She later took over health and beauty and travel accounts for shopathome.com. After that, was hired by Search Monitor, where she continues as account strategy director, specializing in data analytics, search-engine optimization and other areas, with clients ranging from major retailers to large advertising agencies.
“I wanted more flexibility, and it’s been great,” she says. “I’m working from home with major retailers and ad agencies.”
Then, in 2015, her cousin Laura Seitz called with an intriguing idea. Seitz had been working as a manager for Bella Bridesmaids, a national wedding apparel company with dozens of franchises across the United States, and wanted to know if Howison would be interested in opening a franchise of the company with her.
“We’d always talked as kids about opening our own boutique,” Howison says. “We asked ourselves where isn’t there a Bella where there are lots of weddings, and where we thought we’d like to live, and came up with Scottsdale (Arizona).”
They visited the upscale Phoenix suburb in July 2015, wrote a business plan and won financing from the Small Business Administration. They bought their franchise in November, and opened in December.

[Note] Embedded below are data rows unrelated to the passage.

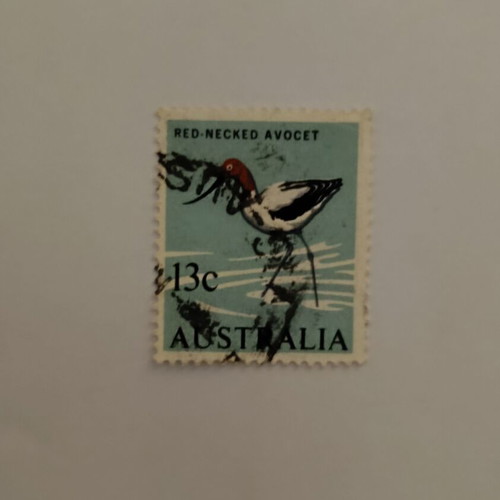 Australian Red-necked Avocet 13c stamp like new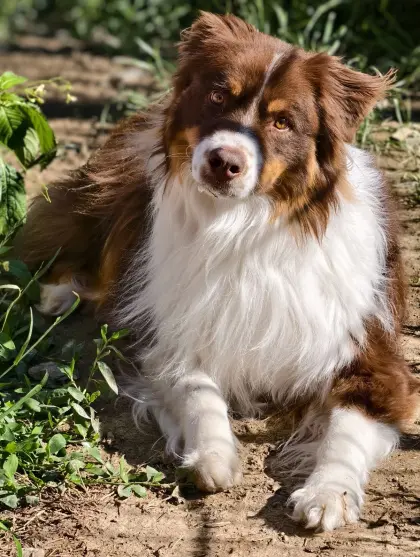 Australian Shepherd mit Ahnentafel
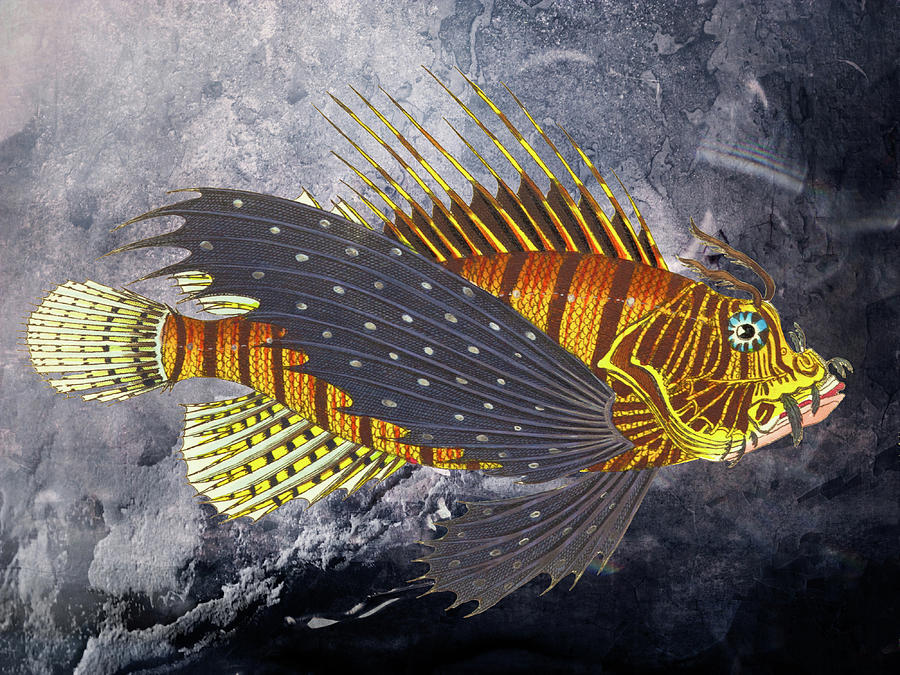 Portrait of a Flying Scorpaena Fish Digital Art by Lorena Cassady
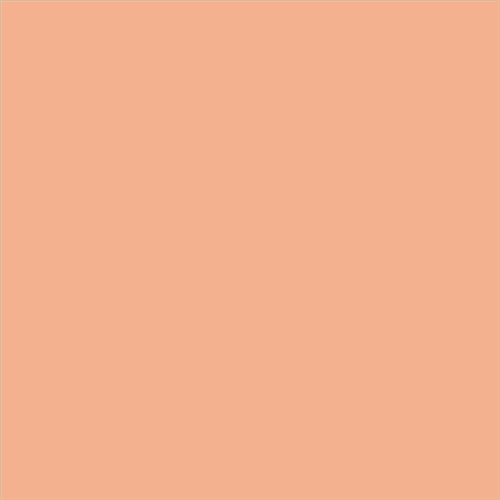 PINTURA PLASTICA MATE JUNOPROF CALIDAD SUPERIOR (OFERTA) COLOR S 1030-Y60R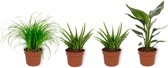 Set van 4 Kamerplanten - 2x Aloë Vera & 1x Strelitzia Reginae & 1x Cyperus Zumula- ± 25cm hoog - 12cm diameter
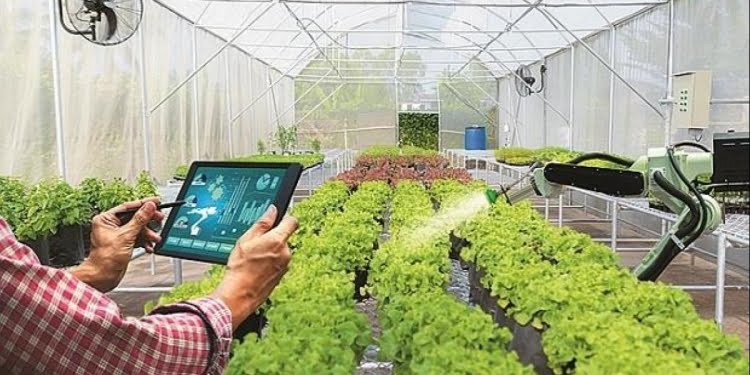 Estas 4 startups reciben fondos del Future of Food Latam 2021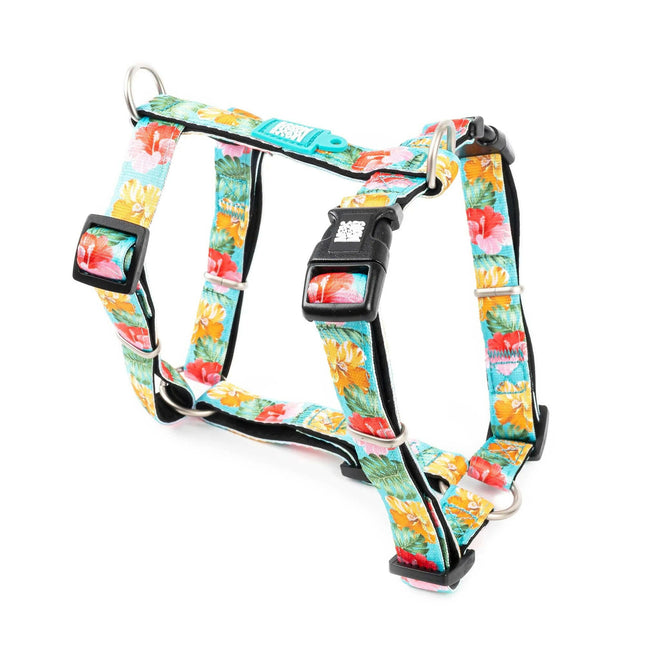 Max&Molly H - Exotique Harness - colorful harness for dogs and puppies, adjustable.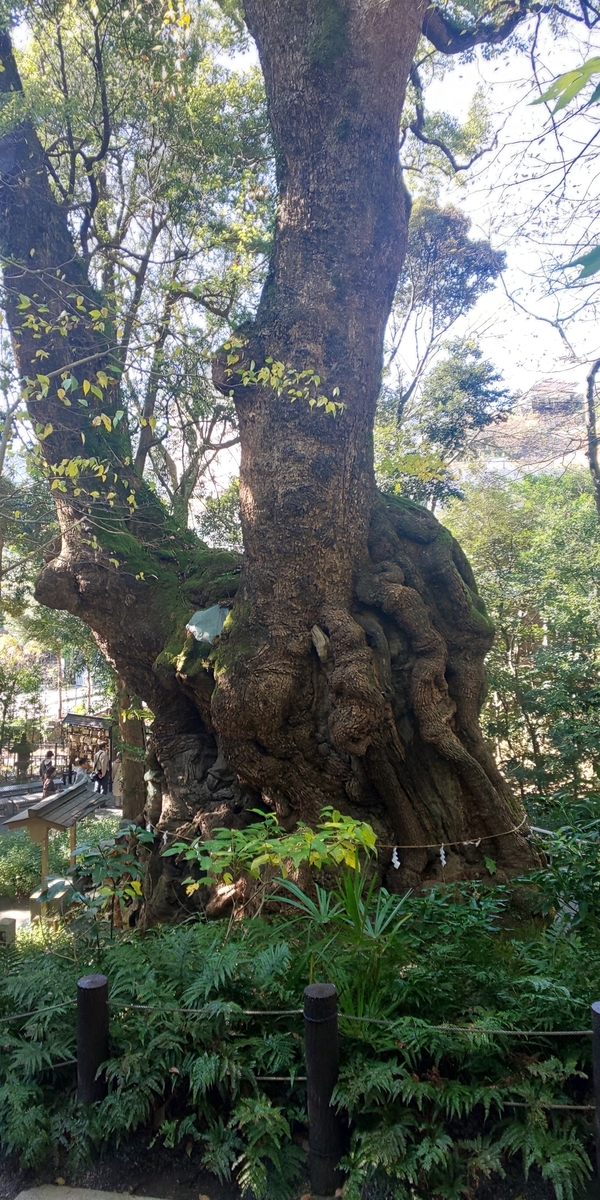f:id:lucy3y:20191212110556j:plain 樹齢2000年の大木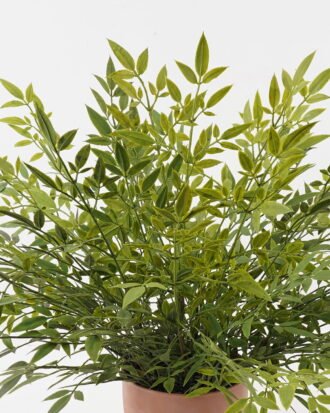 Artificial Plant 80*80*58cm Bamboo leaf in PP pot GS-48123002CONTI 2024Jan YeahFlower is one of Chinese leading OEM manufacturers and exporters , supplying the silk flowers, wholesale artificial trees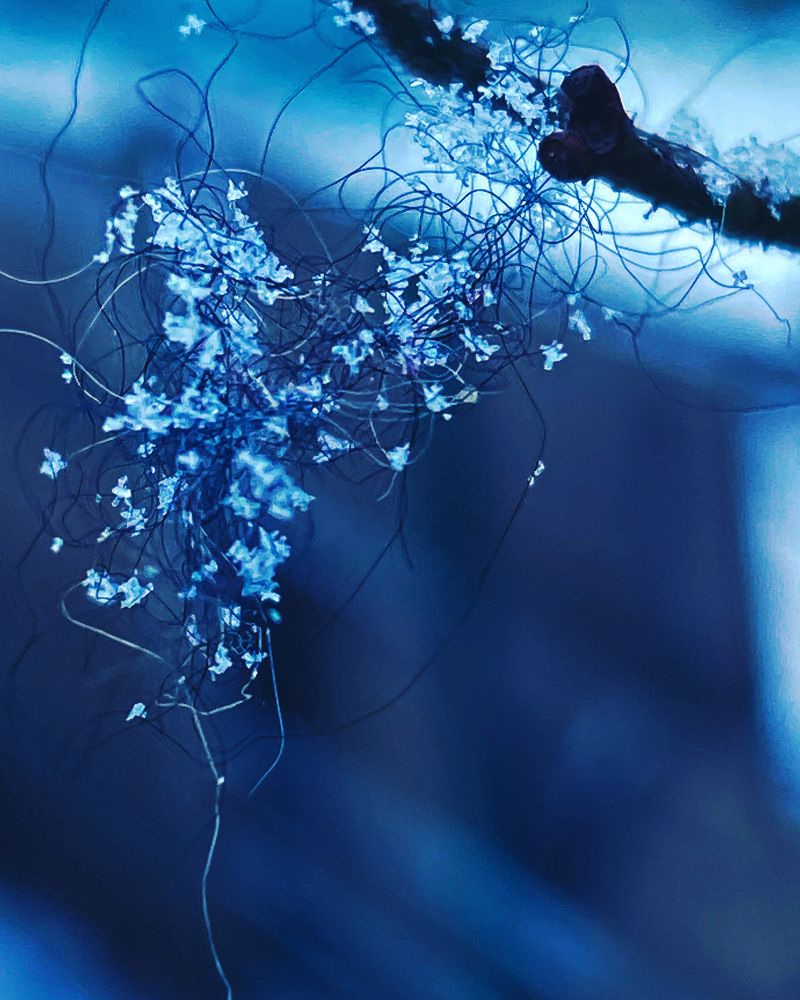 Photograph by Ольга Скиба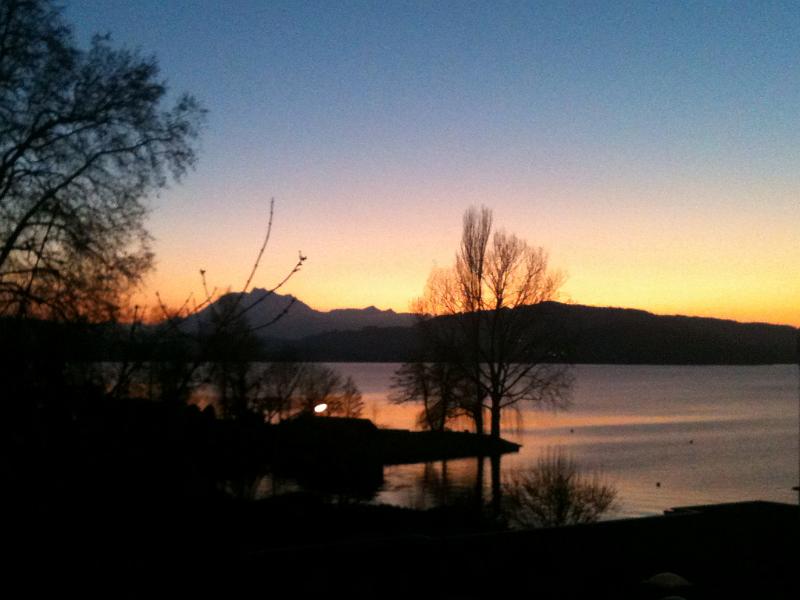 20120114_Neujahrslauf_007.JPG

“We definitely had to learn on the fly,” Howison says. “We don’t have a bookkeeper; I taught myself Quickbooks. I had marketing experience, Laura had retail.”
But neither had experience owning and operating a business, and Howison says her broad liberal arts education has served her well when it comes to adaptability and picking up new skills, whether it’s negotiating a lease, renovating commercial space or dealing with air-conditioning on the blink in the heat of a desert summer.
“The first year, we were not making any money,” she says. “But last year, we were up 28 percent over the previous year, and this year we’re up 30 percent on average.”
Owning their own business means being constantly “on call,” but Howison and her husband have found time to travel to such places as Croatia, Prague, London, the wine country of France, Oktoberfest in Munich and, most recently, Cuba.
Howison has many former St. Anselm classmates working in or around the political world, but she’s never looked back.
“If I’d stayed where I was, I would never have opened this business. The school I went to before was kind of like high school; you never left campus,” she says. “Going to CU has made me a proponent of bigger schools. I was able to schedule my classes so I could work internships. And there was just so much opportunity to do more than just sitting in a classroom.”